What is the best way to load multiple remote RSS feeds?

advertisements

I'm working on a project where i need to load multiple (100+) remote RSS feeds, parse them and query for some keywords. Obviously this process is time consuming and i'm looking for the best way to implement this.

My current implementation loads the feeds synchronously, because the asynchronous implementation with TPL failed because there are to many tasks created during the process and finally it throws an exception.

The async part for loading the remote feed looks like this:

/// <summary>
/// Loads the specified URL.
/// </summary>
/// <param name="url">The URL.</param>
/// <returns></returns>
/// <exception cref="ScanException">Unable to download rss feed from the specified url. Check the inner exception for more details.</exception>
protected async Task<XDocument> Load(string url)
{
    XDocument document = null;

    try
    {
        using (var client = new HttpClient())
        {
            HttpResponseMessage response = await client.GetAsync(url);

            if (response.IsSuccessStatusCode)
            {
                string content = await response.Content.ReadAsStringAsync();
                document = XDocument.Parse(content);
            }
        }
    }
    catch (Exception ex)
    {
        throw new ScanException(url, "Unable to download rss feed from the specified url. Check the inner exception for more details.", ex);
    }

    return document;
}

I hope you guys can point me in the right direction, so i can get this to work right (performance wise).

The final question is: What is the best way to load multiple remote RSS feeds?

Test code

/// <summary>
        /// Reads the feeds by batch async.
        /// </summary>
        /// <param name="feeds">The feeds.</param>
        public void ReadFeedsByBatchAsync(string[] feeds, TorrentStorage storage, int batchSize = 8)
        {
            var tasks = new List<Task>(batchSize);
            var feedsLeft = feeds.Length;

            foreach (string feed in feeds)
            {
                var readFeedTask = this.client.GetStringAsync(feed);

                if (readFeedTask.Status == TaskStatus.RanToCompletion)
                {
                    XDocument document = XDocument.Parse(readFeedTask.Result);
                    var torrents = ProcessXmlDocument(document);

                    storage.Store(torrents);
                }

                tasks.Add(readFeedTask);
                --feedsLeft;

                if (tasks.Count == tasks.Capacity || feedsLeft == 0)
                {
                    var batchTasks = tasks.ToArray();
                    tasks.Clear();

                    try
                    {
                        Task.WaitAll(batchTasks);
                    }
                    catch (Exception)
                    {
                        throw;
                    }
                }
            }

        }


I have solved a similar issue in my fork of GitExtensions.

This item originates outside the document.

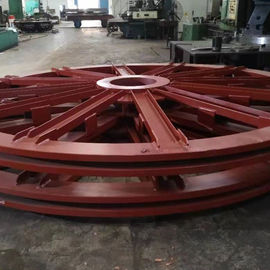 Forging Flat Belt Iron 14000mm Head Sheave Wheel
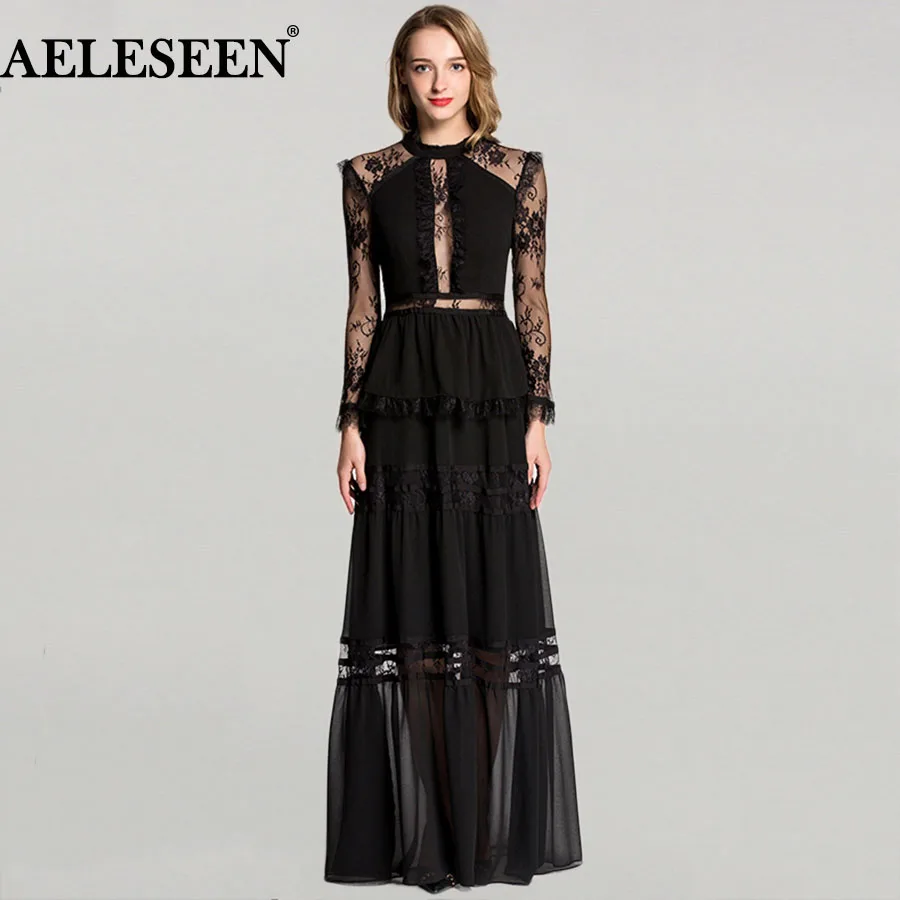 Dames Kant Sexy Lange Jurken Uk 2018 Volledige Mouw Nieuwe Collectie Winter Maxi Party Dress Fashion Designer Runway Dress Dames Kant Sexy Lange Jurken Uk 2018 Volledige Mouw Nieuwe Collectie Winter Maxi Party Dress Fashion Designer Runway Dress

I am dispatching batches of 8 REST API calls by creating the tasks, and doing a Task.WaitAll for each batch of 8. It is a bit simplistic, but it does the job without complicating the code too much:

https://github.com/PombeirP/gitextensions/blob/BuildServerIntegration/Plugins/BuildServerIntegration/TeamCityIntegration/TeamCityAdapter.cs#L178.

One thing I would suggest is reusing the HttpClient class. It looks like a bit of overkill to always create a new instance for each request.